A. Quick ActionsはmacOS Mojave(10.14)から導入されました。現在のmacOS Sequoia(15系)でも引き続き利用できます。古いmacOSをお使いの場合はアップデートを検討してください。
Q2. Automatorで作ったQuick Actionが右クリックメニューに表示されない場合は?
A. まず保存先が「~/Library/Services/」になっているか確認してください。次に、「システム設定」→「キーボード」→「キーボードショートカット」→「サービス」で、作成したアクションが有効(チェックあり)になっているか確認してください。
Q3. Quick Actionsの実行中にエラーが発生する場合の対処法は?
A. Automatorでワークフローを開き、「実行」ボタンで動作確認をしてください。エラーがあれば詳細が表示されます。よくある原因として、対象ファイルの形式がアクションの受け取り設定と合っていないケースがあります。
Q4. Shortcuts(ショートカット)アプリとAutomatorはどちらを使えばいいですか?
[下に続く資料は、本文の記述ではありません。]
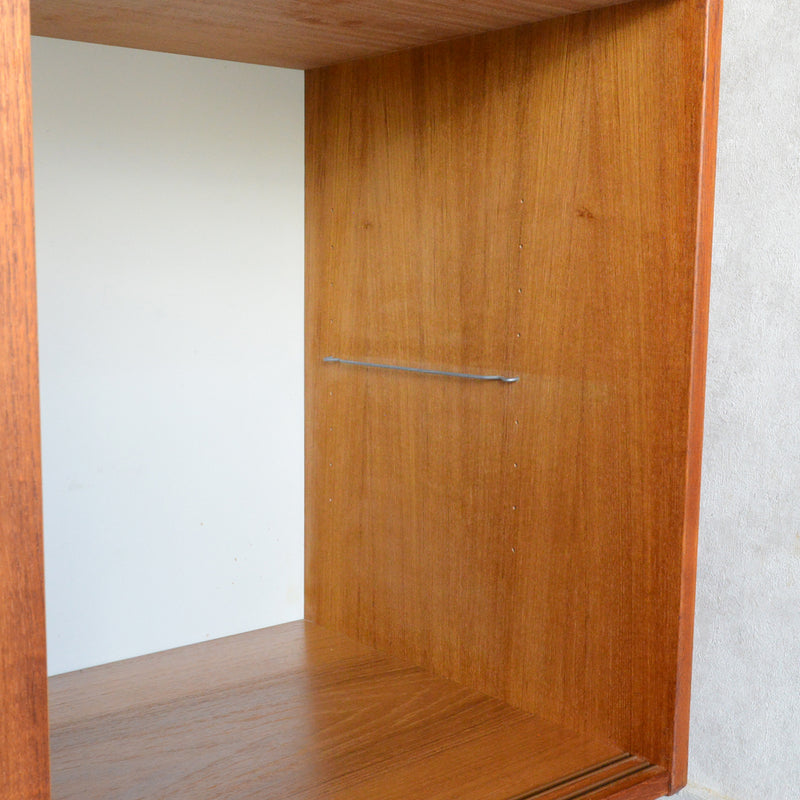 デンマーク ヴィンテージ　チーク キャビネット5-66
A. macOS Monterey以降では、ショートカットアプリでもQuick Actionsを作成できます。初心者にはショートカットアプリの方が直感的な操作で作りやすく、Automatorはより細かい設定が必要な場合に向いています。
Q5. 作成したQuick Actionsを他のMacにも使いたい場合は?
A. 「~/Library/Services/」フォルダ内の.workflowファイルをコピーして、別のMacの同じフォルダに置くだけで使えるようになります。iCloudDriveやUSBメモリで転送してください。
Q6. Quick Actionsで処理できる最大ファイル数はありますか?
A. 特定の上限はありませんが、大量のファイルを一度に処理するとMacの性能によっては時間がかかります。数百ファイル以上の大量処理には、Automatorのフォルダアクションやターミナルのコマンドを検討してください。
Q7. Quick Actionsを使っても元のファイルは変更されますか?
A. 標準の「イメージのサイズを変更」などは元のファイルを直接変更します。元のファイルを保持したい場合は、Automatorのワークフロー内で「コピーをFinderに渡す」アクションを先に追加して、コピーに対して処理を行うように設定してください。
Q8. Quick ActionsはiPadのStage Manager機能でも使えますか?
A. Quick ActionsはmacOS(Mac)専用の機能です。iPadOSではFinderがないためQuick Actionsは利用できません。iPad上での自動化にはショートカットアプリを使用してください。
Q9. サードパーティアプリのアクションをQuick Actionsに追加できますか?
A. 一部のサードパーティアプリはmacOSのサービスメニューに自動的にアクションを追加します。また、Automatorを使えばシェルスクリプトを実行するアクションを作成することで、外部ツールも呼び出せます。
Q10. Quick ActionsはFinderのギャラリー表示でも使えますか?
A. はい、Finderのギャラリー表示(表示→ギャラリー、またはcontrol+command+F)でも、ファイルを選択すると右側にQuick Actionsのボタンが表示されます。
まとめ
MacのQuick Actionsは、毎日の作業を大幅に効率化できる隠れた便利機能です。
- プレビューパネルや右クリックからワンクリックでファイル操作できる
- Automatorを使えば画像リサイズ・PDF変換など自分だけのアクションを作成できる
- ツールバーに追加してさらに素早くアクセスできる
- ショートカットキーを割り当てればマウス不要で実行できる
- 作成したアクションは他のMacにコピーして共有できる
Quick Actionsをカスタマイズして、あなたの作業スタイルに合わせた効率的なMac環境を構築しましょう。